Tobbe: Each and every band member does interviews.
Is this something you do to spread the workload or do you guys really
love being in focus, each and every one of you?
Chris: You know, we talk about it all the time.
We are five alpha males in one band. All jocking for attention. I mean,
you don't do this job without wanting some attention, you know. Nobody
that gets up on a stage plays guitar, just to play guitar in the rest
of their life, you know. You like getting out there and I feed on it,
man. It's nice to have a job where every single day you go in and people
are excited to see you. We're definitely all alpha males and very well-versed
and public speaking, so it's one of those things that works out well.

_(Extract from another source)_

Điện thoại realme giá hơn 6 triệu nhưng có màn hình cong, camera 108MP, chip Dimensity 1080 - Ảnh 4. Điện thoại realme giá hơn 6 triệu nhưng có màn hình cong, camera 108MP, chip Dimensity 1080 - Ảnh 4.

Tobbe: It's a kind of special job you have,
like, you know, pat on the back and everyone says you're great, but actually
on the internet, a lot of people go like "Oh, Five Finger Death Punch.
They're not even metal.". What's your opinion on that?
Chris: I haven't heard that at all.
Tobbe: You haven't?
Chris: No. People say that stuff?
Tobbe: Yes. "Five Finger Death Punch
Chris: Well, I mean, fuck.
Then what are they?
Chris: Yeah. "What's your definition of
metal?". I mean, there's so many different genres of metal, subgenres
and what not? I get it, man. Had I had the internet when I was growing
up as a teenager
It didn't really start come about to like my
20's I guess
you know, I would have been the same dude, online,
talking shit, yeah. Back when I was growing up, it was us talking amongst
friends, about "Fuck that band! Fuck them! That's not metal! Fucking
real metal is this!", you know. At the end of the day, we do what
we do. You look out at the crowds that are out there; That's who I'm
playing for. I don't give a fuck about the other people. [Laughs] Anything
in my life that I've ever done that I've listened to other people
failed. That says something right there. [Laughs] I don't listen to
Tobbe: Is it important to stylistically
separate yourselves from other bands?
Chris: I think what our focus is, is just songwriting,
you know. I mean, we all grew up listening to metal. Huge fans of like
Kiss and Iron Maiden. I got into the bands like Obituary and Deicide.
You know, the real heavy shit. I think it's a nice blend of everything
for us. 6 albums into it now, I think we definitely have forged that
sound that you associate with Five Finger Death Punch. You know, it's
what we do. Either you're gonna like it, or you're gonna hate it. We're
one of those bands that's a lightning rod. There is hate, and love.
Nothing in the middle. You're not like "Ah, Death Punch are okay.".
No, it's like it's either "Fuck that band!" or "I love
Tobbe: So what goals do you have for the
coming years? Obviously you have a new album coming out.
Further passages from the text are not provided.